━━━ Material for this task
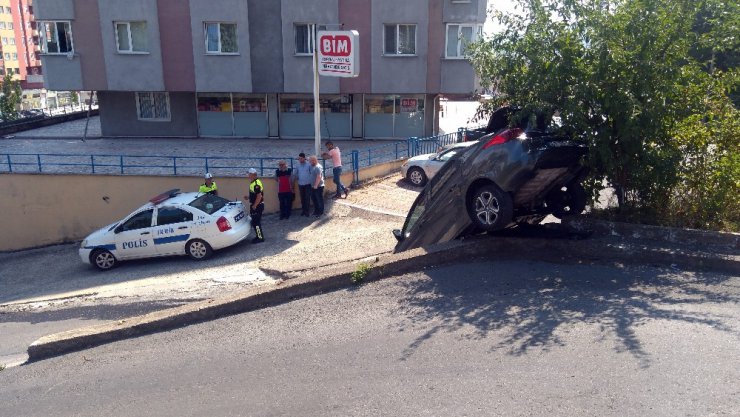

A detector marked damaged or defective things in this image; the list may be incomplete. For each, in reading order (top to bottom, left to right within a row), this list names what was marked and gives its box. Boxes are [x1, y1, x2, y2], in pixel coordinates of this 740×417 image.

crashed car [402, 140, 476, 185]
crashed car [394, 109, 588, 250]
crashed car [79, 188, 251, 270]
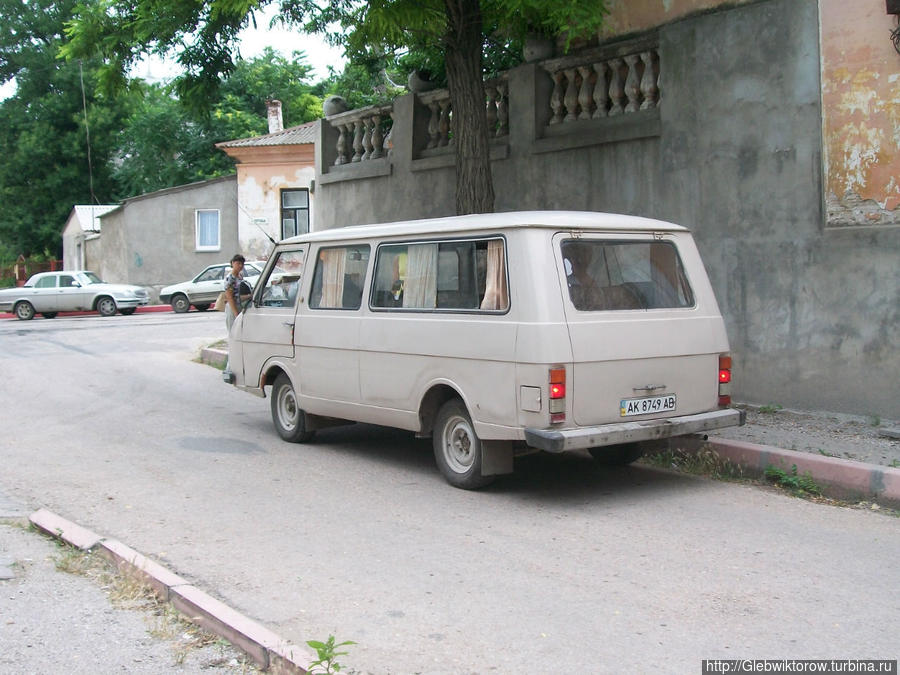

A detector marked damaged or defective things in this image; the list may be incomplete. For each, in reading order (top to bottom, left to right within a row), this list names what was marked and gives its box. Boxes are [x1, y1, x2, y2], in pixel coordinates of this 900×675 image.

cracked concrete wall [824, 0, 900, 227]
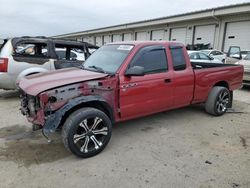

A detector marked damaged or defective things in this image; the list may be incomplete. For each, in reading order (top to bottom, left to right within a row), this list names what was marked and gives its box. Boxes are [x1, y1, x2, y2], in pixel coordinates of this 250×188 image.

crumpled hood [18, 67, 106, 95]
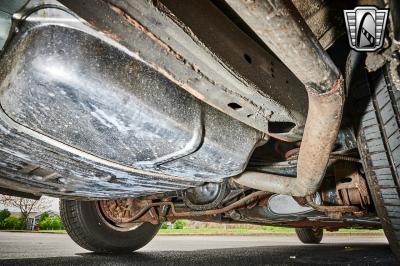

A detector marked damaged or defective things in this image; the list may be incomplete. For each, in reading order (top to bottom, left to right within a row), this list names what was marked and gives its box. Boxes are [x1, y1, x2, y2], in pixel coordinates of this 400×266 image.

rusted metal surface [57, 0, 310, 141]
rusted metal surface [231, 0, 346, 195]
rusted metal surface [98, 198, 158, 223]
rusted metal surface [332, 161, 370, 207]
━━━━━━
▶ **Directions for this task**
Leave out all pictures and retype precisely the lines that run from the line containing "this 900×675 image." to the last line of the records.

▶ **Answer area**
A detector marked damaged or defective things in this image; the list may be incomplete. For each, in reading order (top to bottom, left to right within a row), this list names what was marked and gives its box. Boxes are [x1, y1, x2, y2], in pixel coordinates of this 900×675 image.

cracked concrete wall [824, 0, 900, 227]

A detector marked damaged or defective things in this image; the list may be incomplete. For each, in reading order (top to bottom, left to right within a row), this list names what was marked and gives its box. Boxes are [x1, y1, x2, y2], in pixel coordinates of this 250×188 image.

crumpled hood [18, 67, 106, 95]

A detector marked damaged or defective things in this image; the list may be incomplete. For each, in reading order (top to bottom, left to right within a row), this list names what was marked and gives its box. Boxes are [x1, y1, x2, y2], in pixel coordinates of this 400×266 image.

rusted metal surface [57, 0, 310, 141]
rusted metal surface [231, 0, 346, 195]
rusted metal surface [98, 198, 158, 223]
rusted metal surface [332, 161, 370, 207]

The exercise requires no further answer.